Ça devait sortir. Tibet fait son album en ne consultant personne, certainement pas son éditeur, juste ses proches. Quand il présente la série au Lombard, ils sont un peu surpris : Tibet fait partie des forçats de la série, pourquoi veut-il s’arrêter de ramer (un Ric Hochet et un Chic Bill par an en moyenne depuis près de soixante ans) et se met-il à faire des trucs « perso » ? Refusé. Tibet porte alors le projet chez Paul Herman chez Glénat qui saute sur l’opportunité de débaucher un auteur « historique » du Lombard. À Grenoble, on ricane.
C’est un album sans prétention qui ressemble à l’auteur comme à deux gouttes d’eau : plein d’humour, de faconde, d’à-propos, de jeux de mots vaseux balancés avec bonhommie.

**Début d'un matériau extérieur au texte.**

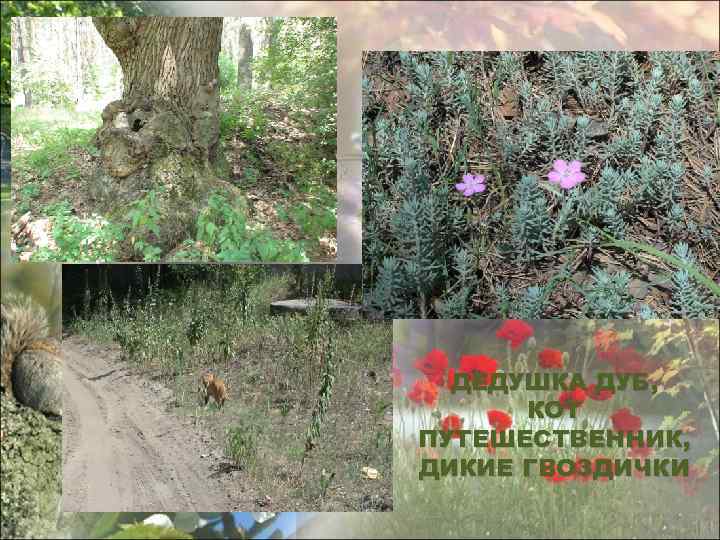 ДЕДУШКА ДУБ, КОТ ПУТЕШЕСТВЕННИК, ДИКИЕ ГВОЗДИЧКИ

Aldo Rémy, est un héros sans emploi, un vrai celui-là. Pour subsister, il vend ses services au premier venu, surtout si c’est une accorte jeune femme. La trame du décor est à peine réaliste. C’est une ville sinistrée du Nord qui ressemble beaucoup à Charleroi. C’est un quartier pauvre où tout le monde se connaît et se tutoie : mauvais garçons et honnêtes lurons. Le dessinateur Dany fait remarquer à Tibet que les pauvres, aujourd’hui, vivent dans des HLM. Tibet n’en a rien à faire : il décrit la pauvreté telle qu’il l’a connue enfant, dans le quartier (aujourd’hui si « bobo ») de la paroisse de Saint-Géry à Bruxelles, et dont le curé habitait pas loin, dans la rue du Bon Secours. Des détails qui ne s’inventent pas.
Il s’amuse de ce qu’on l’on voit ses personnages coucher ensemble, chose qu’il s’est interdite de faire pendant des décennies dans le « Journal des 7 à 77 ans ».
Ce qu’il retient de ces pauvres, c’est leur dignité, leur bonne humeur en dépit des difficultés, leur volonté de s’en sortir, leur fraternité. Des valeurs un peu dissipées aujourd’hui et qui, dans Aldo Rémy, en dépit d’une transposition abstraite (comme au théâtre), restent parfaitement intactes.